Companies have a tendency to organize themselves in ways that make operational sense but don't make customer-facing sense. So a newspaper's web site will operate separately from print operations, with different approaches to content; or online and retail operations will be two different silos with little consistency between them.
This can cause problems for customers, and so a few months ago when AT&T opened its remodeled "all in one" retail store in Houston to showcase all of the combined services formerly sold as SBC and Cingular offerings, dubbed the "AT&T Experience" store, I wondered whether they'd get it right.
My partner and I went there the other day. The store is a slick tech outpost that seems inspired by Apple's retail stores. Along the walls are lots and lots of mobile phones and handheld computers for you to play with - all powered up, with each devices phone number posted next to it so you can actually call it and see what happens. There are computers where you can browse for information about AT&T services. Deeper into the store there are big screen TVs demoing AT&T's IP television service, U-Verse. And there are people there you can talk to about home services like DSL.
But the proof is in what happens when you try to actually interact with the company, and I didn't expect much; companies get this wrong way too often. I was there because I wanted to upgrade from a regular phone to a handheld device that would let me get my email, use the web, and so on. I'd done my homework online already, and knew what I wanted (a Samsung Blackjack). But the web site was full of warnings that special online pricing is only available through the web site, so I wondered, would I be able to get it in the store at the same price and walk out the door with it?
A pleasant surprise - yes. The whole transaction took about fifteen minutes. Score one for AT&T.
My partner was not so fortunate. His issue: he did just such an upgrade a month ago, and he loves his new handheld (a bulkier AT&T-branded device designed for total road warriors), but has been unable to send or receive SMS and MMS messages on it.
This is where the wheels came off. After figuring out that part of the issue was the way the account was set up when he upgraded, it became clear there was a hardware issue. After a two-hour journey through troubleshooting hell, it became obvious that the hardware needed to be swapped out.
Here's where things went horribly wrong: because he bought the device 32 days ago, they would not simply grab a new one out of store stock and give it to him. They insisted on sending him a new one and having him ship the old one back. (Had we gotten there three days earlier, they would have swapped it out on the spot.)
Dumb, dumb, dumb. From our point of view, AT&T was going to replace the device. What's the difference between the trade happening instantly inside a retail outlet, versus via FedEx? Nothing, except that in the latter case, it's a pain in the neck for him, and AT&T has to pay for shipping.
But the store staff was quite insistent that they had to do things the more expensive and annoying way. Worse still, they handed him a store land line and told him he had to call and set it up. So an AT&T employee was standing in the store saying, "I can't help you, call one of my coworkers (while standing here in a loud store) and do it yourself."

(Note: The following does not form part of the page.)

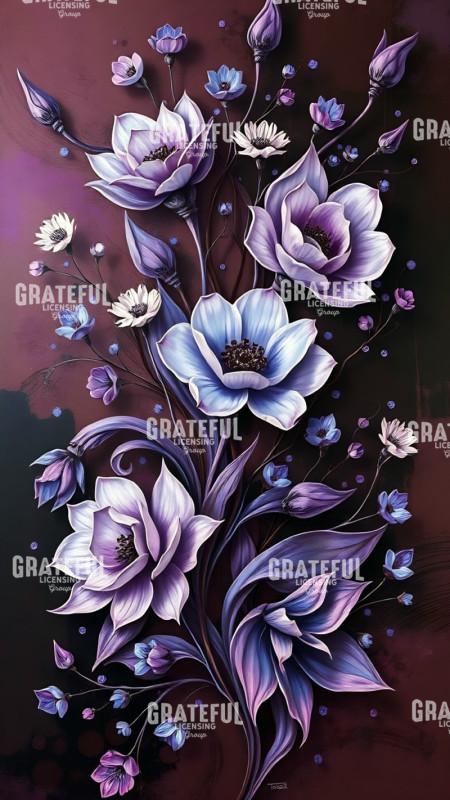 Modern Poppies in Cool Tones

He asked for the manager who said, "I cannot give you a new phone today." He said, "I paid $400 for this and you can't help me?" and he said, "It doesn't matter what you paid..."
Wrong. A customer who drops $400 on new hardware and adds $40/month for a data plan is more important than one who got a free phone for signing up and spends $29 per month. Those customers buy more from you. You should treat them as more valuable, because if they walk, you will lose more.

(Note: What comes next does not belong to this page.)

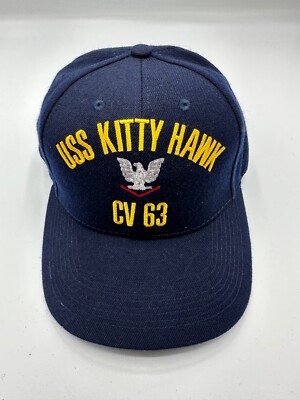 New The Corps USS Kitty Hawk CV 63 Logo Blue Baseball Cap Hat One Size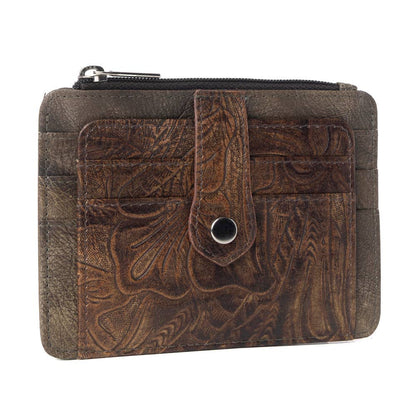 Driftwood Cove Embossed Leather Credit Card Holder in Olive Brown: Olive Brown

Just to make it worse, when he did make the call in the store (what else was he going to do?) he was put on hold. He gave up; we were hungry and tired and hadn't planned on spending two hours there. The phone call could be made from home.
I give AT&T credit for getting their retail and web channels in sync. But the rest of the story was such a sequence of amateur errors.
- To your customer, all channels are still you. Let the customer choose the convenient way to do business.
- When things go wrong and the customer really has no options, it's the wrong time to treat them badly. They'll remember. If you shine then, you'll have a loyal, happy customer.
- Give front line employees (like that store manager) the authority to make customers happy. Had that manager been allowed to do the swap on the spot, he would have saved money for AT&T and made a customer who spends a lot with them happy. Instead, everybody's miserable.
Meanwhile, I'm happy with my new Blackjack except... I can't send or receive SMS or MMS messages. I think something's wrong in the account upgrade process... which means, now I get to call customer support. Whee!